When you’re preparing to hire an employee or bring on a contractor, I recommend creating a series of standard operating procedures (SOPs) for the various tasks that they will be performing. Each SOP should contain a description of the task, an explanation of why the task is important and what role it plays in your business, a series of specific steps that the employee should perform when completing the task, and an explanation of why it’s important to perform that task using the method you outlined. That way, your employee will have good documentation about the jobs that they need to perform for your business when they first get started and you’ll know that your employee is completing tasks exactly the way that you want them to complete it. A month before my employee started working for my company, I outlined the specific tasks that she would be doing and created an SOP for each task for her to refer to. I also created a document that contains the most common issues and questions our customers have and how to take care of them, so she knew how to answer the vast majority of questions that our customers are going to ask right away. If my employee were to ever move onto a different job with another company, I still have the SOPs and documentation available to streamline the training process for any future employee that has to do the tasks she’s doing right now.

There are some tasks that you don’t even need to hire an employee to tackle these days. There are great tools available which allow you to automate certain repetitive tasks, including Zapier (www.zapier.com) and IFTTT (www.ifttt.com). For example, instead of manually posting every new blog post to Facebook, Twitter, Google+ and LinkedIn, I use IFTTT to automatically share every new post on my blog to all of my social media profiles. To get ideas for other possible uses of these tools, visit the Zapier Explore page at zapier.com/app/explore and the IFTTT recipes page at ifttt.com/recipes. If you’re a software developer or know a software developer that does good work, you can begin to automate major portions of your online business. For example, the daily investment newsletter that my company publishes is sent out automatically each morning without any intervention from any staff member of my company.

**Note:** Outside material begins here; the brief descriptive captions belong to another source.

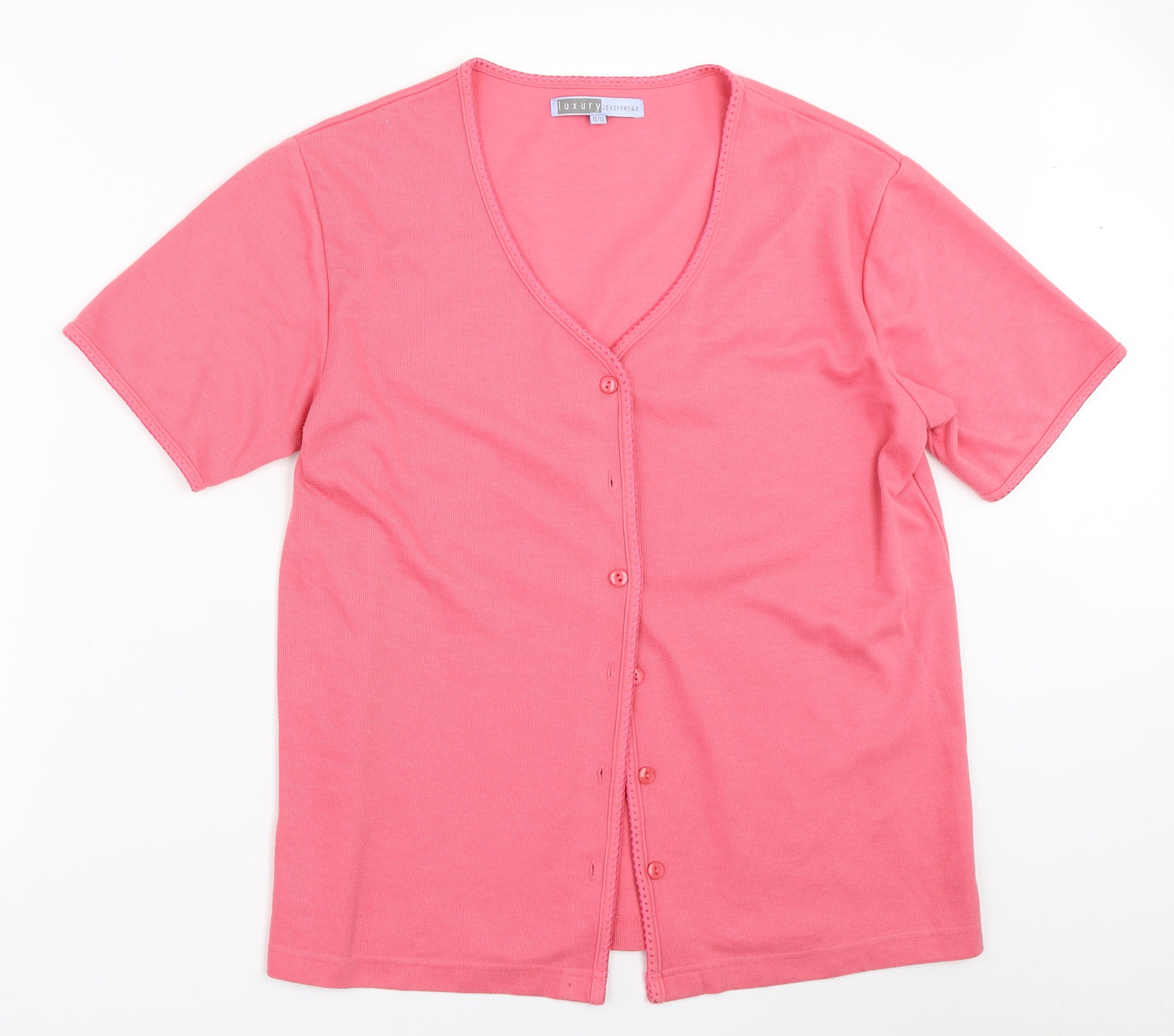 Luxury Jerseywear Womens Pink   Cardigan Jumper Size 10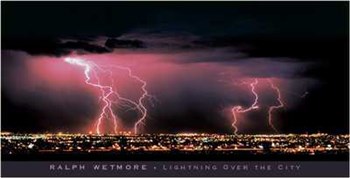 Lightning Over the City by Ralph Wetmore art print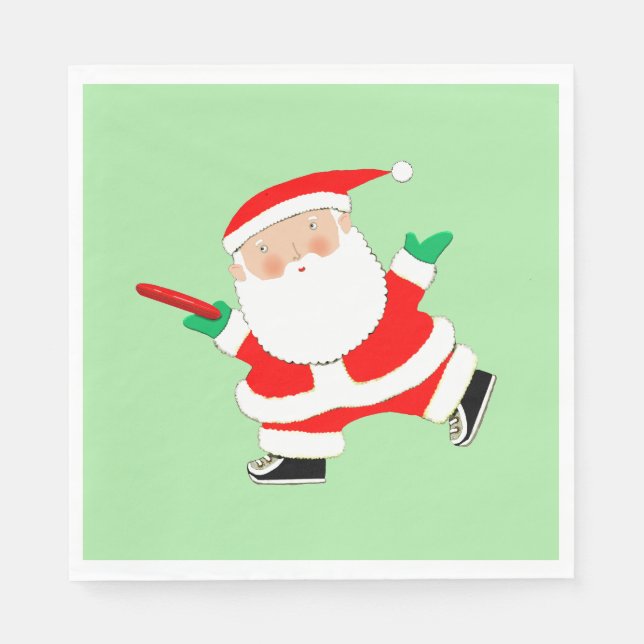 CD Golf Weihnachtsfeier Serviette (Vorderseite)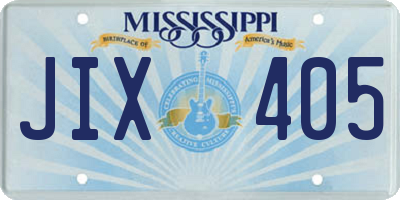 MS license plate JIX405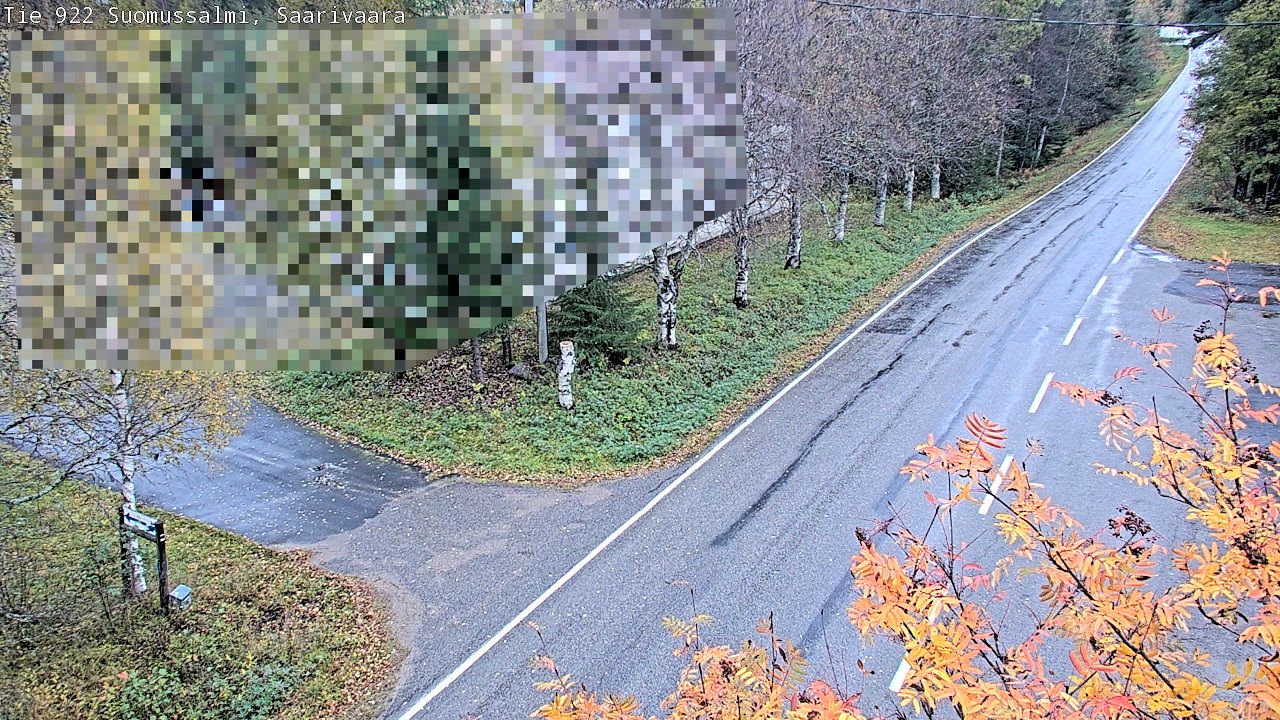 Weather Camera Image Road 950 843 Suomussalmi, Saarivaara, Suomussalmi, Kainuu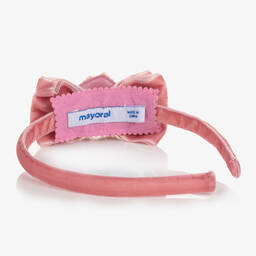 مايورال-طوق للشعر مخمل لون زهري للبنات | Childrensalon Outlet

The data that makes up the newsletter is automatically gathered from a variety of sources every morning, which then gets compiled by software into the actual newsletter, which then gets automatically sent out to anyone that has an active subscription using SendGrid’s SMTP mailing service.

You’re certainly going to have to do a lot of work in your business when you’re first getting started, but as you grow, you can begin to outsource, delegate and automate the majority of the tasks that are required to make your business happen so that you’re freed up to work on your business rather than in your business.